▶ WHAT TO WORK ON
All of the entries below are to be copied word for word.

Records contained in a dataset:
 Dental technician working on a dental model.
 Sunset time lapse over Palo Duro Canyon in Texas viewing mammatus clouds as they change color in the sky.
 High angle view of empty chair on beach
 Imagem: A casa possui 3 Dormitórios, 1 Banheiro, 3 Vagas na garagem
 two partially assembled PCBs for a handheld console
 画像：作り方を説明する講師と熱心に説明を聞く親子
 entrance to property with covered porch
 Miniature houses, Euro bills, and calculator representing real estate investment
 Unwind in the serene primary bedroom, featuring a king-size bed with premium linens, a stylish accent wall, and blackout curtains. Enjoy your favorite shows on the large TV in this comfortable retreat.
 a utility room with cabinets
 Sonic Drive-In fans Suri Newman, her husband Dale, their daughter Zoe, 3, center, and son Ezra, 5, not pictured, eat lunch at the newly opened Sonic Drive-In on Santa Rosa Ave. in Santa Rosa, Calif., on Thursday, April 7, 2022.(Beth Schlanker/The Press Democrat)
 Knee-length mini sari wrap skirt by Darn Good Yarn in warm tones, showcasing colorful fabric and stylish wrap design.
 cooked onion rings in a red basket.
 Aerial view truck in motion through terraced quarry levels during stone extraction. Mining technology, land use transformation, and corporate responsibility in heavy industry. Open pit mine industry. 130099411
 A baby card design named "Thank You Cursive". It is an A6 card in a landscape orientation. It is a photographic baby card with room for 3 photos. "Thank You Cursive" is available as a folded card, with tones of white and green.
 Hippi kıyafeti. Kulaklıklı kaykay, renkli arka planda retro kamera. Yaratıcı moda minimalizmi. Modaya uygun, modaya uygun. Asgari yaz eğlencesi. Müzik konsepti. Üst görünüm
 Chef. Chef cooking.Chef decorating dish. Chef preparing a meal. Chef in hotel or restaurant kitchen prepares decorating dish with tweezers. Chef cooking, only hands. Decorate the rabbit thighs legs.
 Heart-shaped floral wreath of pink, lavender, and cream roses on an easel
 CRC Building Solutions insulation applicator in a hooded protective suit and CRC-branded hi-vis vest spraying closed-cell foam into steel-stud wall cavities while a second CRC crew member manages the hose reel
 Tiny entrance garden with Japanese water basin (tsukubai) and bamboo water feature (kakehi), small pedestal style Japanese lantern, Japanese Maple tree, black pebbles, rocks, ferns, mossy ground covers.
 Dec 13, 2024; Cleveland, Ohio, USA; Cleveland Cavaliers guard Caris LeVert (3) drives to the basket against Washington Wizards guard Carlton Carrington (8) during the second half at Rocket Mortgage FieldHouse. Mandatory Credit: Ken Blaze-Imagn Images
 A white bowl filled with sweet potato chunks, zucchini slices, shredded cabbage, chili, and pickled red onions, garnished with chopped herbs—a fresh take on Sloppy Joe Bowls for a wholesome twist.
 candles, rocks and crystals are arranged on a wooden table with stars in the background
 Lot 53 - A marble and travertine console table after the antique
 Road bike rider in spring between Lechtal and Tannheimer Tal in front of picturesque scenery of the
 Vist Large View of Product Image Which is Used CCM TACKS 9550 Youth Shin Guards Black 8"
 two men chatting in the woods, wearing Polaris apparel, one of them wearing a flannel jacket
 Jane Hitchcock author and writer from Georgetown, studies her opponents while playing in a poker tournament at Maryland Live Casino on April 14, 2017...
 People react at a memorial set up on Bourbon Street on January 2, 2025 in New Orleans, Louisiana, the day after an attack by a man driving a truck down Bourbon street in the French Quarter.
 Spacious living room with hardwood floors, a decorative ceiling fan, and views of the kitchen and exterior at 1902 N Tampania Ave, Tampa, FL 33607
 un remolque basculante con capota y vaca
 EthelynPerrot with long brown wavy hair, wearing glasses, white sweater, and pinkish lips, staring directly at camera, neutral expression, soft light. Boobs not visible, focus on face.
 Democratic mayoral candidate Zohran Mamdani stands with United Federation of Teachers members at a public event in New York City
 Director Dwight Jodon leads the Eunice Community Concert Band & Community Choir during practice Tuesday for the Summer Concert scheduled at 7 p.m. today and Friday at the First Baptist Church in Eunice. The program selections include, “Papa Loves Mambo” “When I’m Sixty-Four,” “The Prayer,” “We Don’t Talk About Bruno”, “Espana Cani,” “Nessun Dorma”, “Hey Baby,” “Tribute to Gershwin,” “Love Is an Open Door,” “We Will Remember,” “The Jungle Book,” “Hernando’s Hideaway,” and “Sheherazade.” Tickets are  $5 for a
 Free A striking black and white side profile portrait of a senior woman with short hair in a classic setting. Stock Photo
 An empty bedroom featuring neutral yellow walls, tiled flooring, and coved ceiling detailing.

▶ YOUR RESPONSE
 Dental technician working on a dental model.
 Sunset time lapse over Palo Duro Canyon in Texas viewing mammatus clouds as they change color in the sky.
 High angle view of empty chair on beach
 Imagem: A casa possui 3 Dormitórios, 1 Banheiro, 3 Vagas na garagem
 two partially assembled PCBs for a handheld console
 画像：作り方を説明する講師と熱心に説明を聞く親子
 entrance to property with covered porch
 Miniature houses, Euro bills, and calculator representing real estate investment
 Unwind in the serene primary bedroom, featuring a king-size bed with premium linens, a stylish accent wall, and blackout curtains. Enjoy your favorite shows on the large TV in this comfortable retreat.
 a utility room with cabinets
 Sonic Drive-In fans Suri Newman, her husband Dale, their daughter Zoe, 3, center, and son Ezra, 5, not pictured, eat lunch at the newly opened Sonic Drive-In on Santa Rosa Ave. in Santa Rosa, Calif., on Thursday, April 7, 2022.(Beth Schlanker/The Press Democrat)
 Knee-length mini sari wrap skirt by Darn Good Yarn in warm tones, showcasing colorful fabric and stylish wrap design.
 cooked onion rings in a red basket.
 Aerial view truck in motion through terraced quarry levels during stone extraction. Mining technology, land use transformation, and corporate responsibility in heavy industry. Open pit mine industry. 130099411
 A baby card design named "Thank You Cursive". It is an A6 card in a landscape orientation. It is a photographic baby card with room for 3 photos. "Thank You Cursive" is available as a folded card, with tones of white and green.
 Hippi kıyafeti. Kulaklıklı kaykay, renkli arka planda retro kamera. Yaratıcı moda minimalizmi. Modaya uygun, modaya uygun. Asgari yaz eğlencesi. Müzik konsepti. Üst görünüm
 Chef. Chef cooking.Chef decorating dish. Chef preparing a meal. Chef in hotel or restaurant kitchen prepares decorating dish with tweezers. Chef cooking, only hands. Decorate the rabbit thighs legs.
 Heart-shaped floral wreath of pink, lavender, and cream roses on an easel
 CRC Building Solutions insulation applicator in a hooded protective suit and CRC-branded hi-vis vest spraying closed-cell foam into steel-stud wall cavities while a second CRC crew member manages the hose reel
 Tiny entrance garden with Japanese water basin (tsukubai) and bamboo water feature (kakehi), small pedestal style Japanese lantern, Japanese Maple tree, black pebbles, rocks, ferns, mossy ground covers.
 Dec 13, 2024; Cleveland, Ohio, USA; Cleveland Cavaliers guard Caris LeVert (3) drives to the basket against Washington Wizards guard Carlton Carrington (8) during the second half at Rocket Mortgage FieldHouse. Mandatory Credit: Ken Blaze-Imagn Images
 A white bowl filled with sweet potato chunks, zucchini slices, shredded cabbage, chili, and pickled red onions, garnished with chopped herbs—a fresh take on Sloppy Joe Bowls for a wholesome twist.
 candles, rocks and crystals are arranged on a wooden table with stars in the background
 Lot 53 - A marble and travertine console table after the antique
 Road bike rider in spring between Lechtal and Tannheimer Tal in front of picturesque scenery of the
 Vist Large View of Product Image Which is Used CCM TACKS 9550 Youth Shin Guards Black 8"
 two men chatting in the woods, wearing Polaris apparel, one of them wearing a flannel jacket
 Jane Hitchcock author and writer from Georgetown, studies her opponents while playing in a poker tournament at Maryland Live Casino on April 14, 2017...
 People react at a memorial set up on Bourbon Street on January 2, 2025 in New Orleans, Louisiana, the day after an attack by a man driving a truck down Bourbon street in the French Quarter.
 Spacious living room with hardwood floors, a decorative ceiling fan, and views of the kitchen and exterior at 1902 N Tampania Ave, Tampa, FL 33607
 un remolque basculante con capota y vaca
 EthelynPerrot with long brown wavy hair, wearing glasses, white sweater, and pinkish lips, staring directly at camera, neutral expression, soft light. Boobs not visible, focus on face.
 Democratic mayoral candidate Zohran Mamdani stands with United Federation of Teachers members at a public event in New York City
 Director Dwight Jodon leads the Eunice Community Concert Band & Community Choir during practice Tuesday for the Summer Concert scheduled at 7 p.m. today and Friday at the First Baptist Church in Eunice. The program selections include, “Papa Loves Mambo” “When I’m Sixty-Four,” “The Prayer,” “We Don’t Talk About Bruno”, “Espana Cani,” “Nessun Dorma”, “Hey Baby,” “Tribute to Gershwin,” “Love Is an Open Door,” “We Will Remember,” “The Jungle Book,” “Hernando’s Hideaway,” and “Sheherazade.” Tickets are  $5 for a
 Free A striking black and white side profile portrait of a senior woman with short hair in a classic setting. Stock Photo
 An empty bedroom featuring neutral yellow walls, tiled flooring, and coved ceiling detailing.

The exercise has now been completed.